There are museums that have an instinct to display works that disparage religion. The Brooklyn Museum is one such place. Its latest sacrilege is a huge photograph showing a naked woman at the Last Supper. Predictably, Mayor Guiliani is once more on a tear, establishing a so-called decency panel. This collection of sycophants and misfits has generated an excess of irreverence and has scarcely advanced the cause of religion. It’s hard to figure out what the lame duck mayor has accomplished other than the dubious achievement of being a foolish lame duck.

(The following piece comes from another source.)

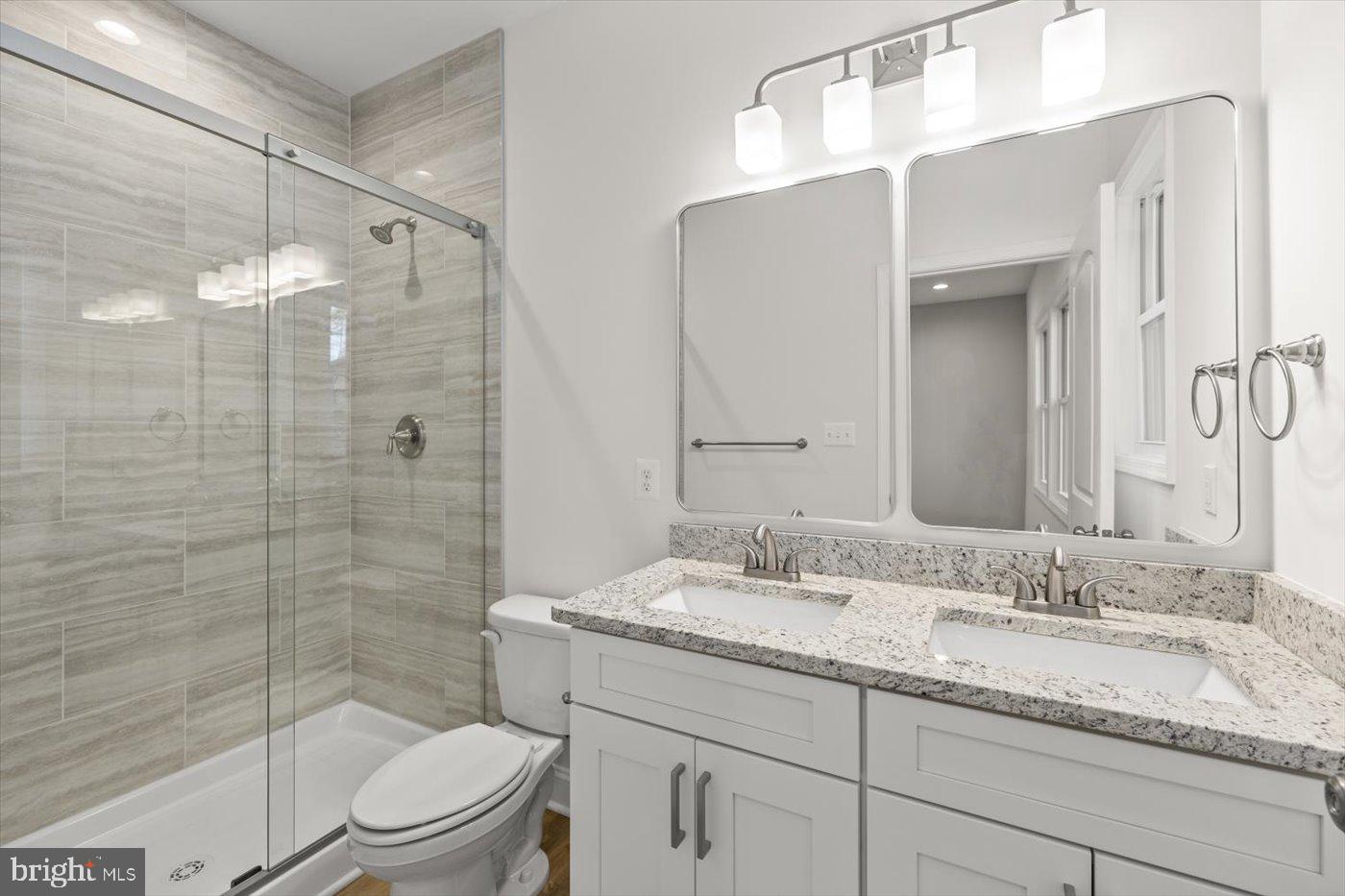 CABIN POINT / GLEBE HARBOR - Residential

Though his remedy is excessive and doomed to failure, Mr. Guiliani has a point. There are talented artists aplenty who never have the opportunity to exhibit in our exalted cultural emporia because they aim for esthetic fulfillment and not for momentary shock or monetary gain. There are mediocre artists who know that dissing religion is a reliable meal ticket, an attention-grabber for museums that seek to boost their attendance. The Brooklyn Museum is one of the architectural wonders of the western world, with top-flight exhibitions to boot. It should not have to stoop so often to the tawdry. But it wants to attract more viewers and this results in offensive displays of works by artists skilled at self-promotion who have the cultural illiterati to serve as their claque.

The Mayor again took the bait, thereby providing tons of publicity for that which he purports to loathe and ensuring a far greater turnout for a display that on its merits would have attracted little interest. An explanation of this behavior is better left to students of psychology.

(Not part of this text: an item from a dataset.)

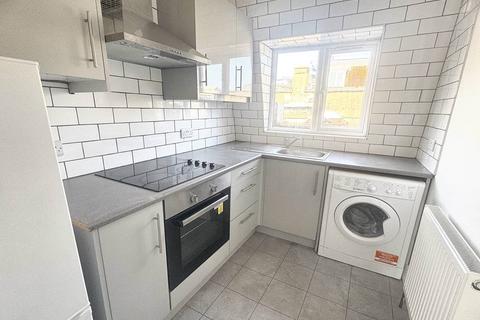 2 bedroom flat to rent, Longridge Avenue, Saltdean, BN2 8LG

For all of City Hall’s folly, the Brooklyn Museum is wrong and it is contributing again to an anti-religious field day. Cultural arbiters should be able to distinguish between what is constitutionally protected – as virtually all art is – and what they select for display. The art world is, after all, deeply implicated in processes of selection and exclusion, of subjective choices of what is to be preferred or ignored. There is no compelling reason to give preference to what is hostile to religion, unless those who make the choice are hostile to religion.

This latest incident illustrates the ingrained American hypocrisy about religion. We talk a good game and we want our Presidents to go to church. We also revel in symbolic acts that convey the notion that we are a religious people. In fact, we are not, if only because hedonism and consumerism are antithetical to the spiritual dignity that is essential for a religious life.

We had another display of this problematic approach to religion when Jeff Van Gundy, the coach of the Knicks, criticized the pre-game private prayer sessions conducted for some of his players. To make matters worse, said the coach, players from the opposing teams join in these sessions. “Everybody is hugging before games, praying together.” I guess it’s preferable for players to choke the coach or slug each other or engage in off-court antics that may land them in jail. These are the appropriate American role models, not the huggers or the prayers.

Van Gundy acknowledges that he was wrong to speak out, but he continues to believe that prayer sessions are inappropriate. Charlie Ward is probably the Knicks leading prayer, although as a player he is no more than a solid journeyman. He always displays a quiet dignity which suggests that there are other things on his mind, as if he knows that what he does as a Knick is only a game and the spiritual dimension of his life is far more important.

Ward does not accept his coach’s strictures about prayer. This is not the first time that his religious commitment has placed him at odds with the dominant ethos of the sports world. Several years ago, he challenged the policy of allowing women reporters into the locker rooms after the games when the athletes were dressing, showering, etc. Ward did no more than claim for himself a sense of modesty that most of us naturally insist on in our own homes. Furthermore, it has often been suggested that privacy is a basic right. Still, he was rebuffed, largely because the political correctness crowd believes that to deny women reporters the right to enter dressing rooms when male reporters are permitted to enter violates the notion of equal protection. This tenuous position was embraced years ago by a local federal judge who no one regards as a pillar of the judiciary.

As Steven Carter has argued, this country needs to respect religious sensibilities and to recognize that religion is usually (but not always) a force for good.